Satellites usually rely on bulky solar arrays, folded with hinges similar to the rigid ones that are used to empower homes and businesses. NASA, therefore, has been looking for a smaller and lighter version than the traditional panels to make the next step to the future of spaceflight and upcoming missions.
The space agency has now reported a successful test deployment of its Roll Out Solar Array (ROSA) technology. Over the past weekend, ground controllers remotely rolled out the solar array, where it will remain attached on a robotic arm for the next seven days. In the meantime the panels will undergo a series of operational tests to examine how the system responds to microgravity, vibrations or extreme temperatures.

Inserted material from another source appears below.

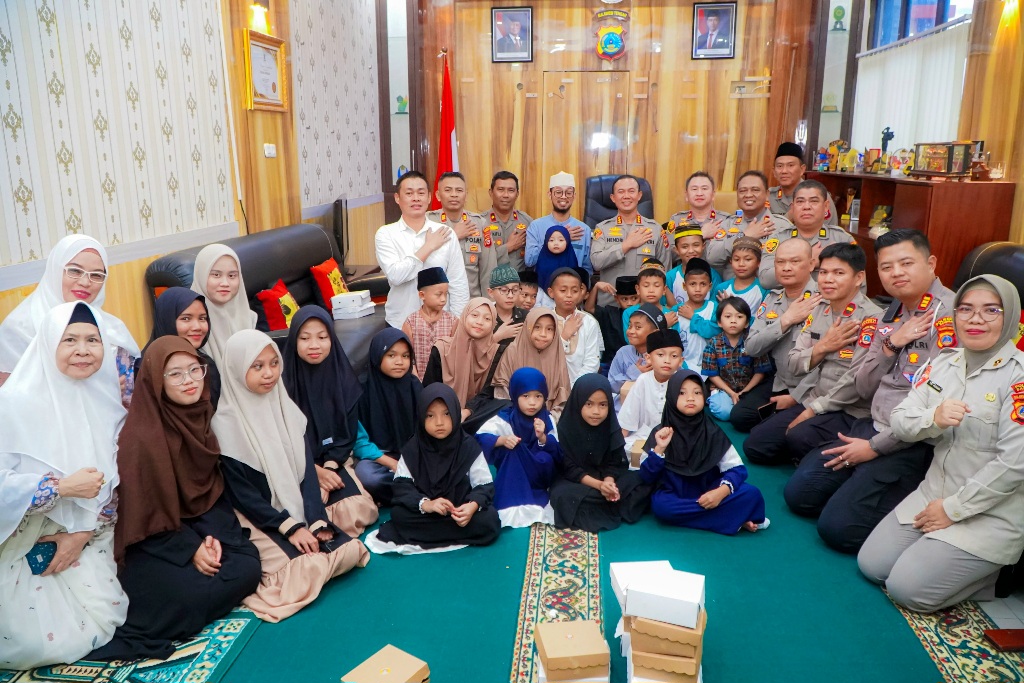Perkuat Keimanan dan Kepedulian Sosial, Kapolresta Banggai Gelar Pengajian serta Santuni Anak Yatim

“When the array is attached to a satellite, that spacecraft will need to maneuver, which creates torque and causes the wing, or blanket, to vibrate,” explained principal investigator Jeremy Banik, senior research engineer at the Air Force Research Laboratory, Kirtland Air Force Base in New Mexico. “We need to know precisely when and how it vibrates so as not to lose control of the spacecraft. The only way to test that is in space.”
According to NASA, those new panels are incredibly lightweight and flexible, which makes them easily packed into a rocket for launch. In addition, the technology have the potential to be easily adapted to different sizes and used to empower satellites for different purposes as television, GPS or weather forecasting.
“This new solar array’s design rolls up to form a compact cylinder for launch with significantly less mass and volume, potentially offering substantial cost savings as well as an increase in power for satellites,” says NASA.
On Tuesday NASA released a video showing the solar array´s deployment from the space station arm. Before it could do so, ROSA underwent several test inside vacuum chambers on earth a few years ago.
NASA hopes that after more successful testing, the roll out technology could not only replace standard solar panels on other satellites but also appear on highly maneuverable spacecraft in the long term.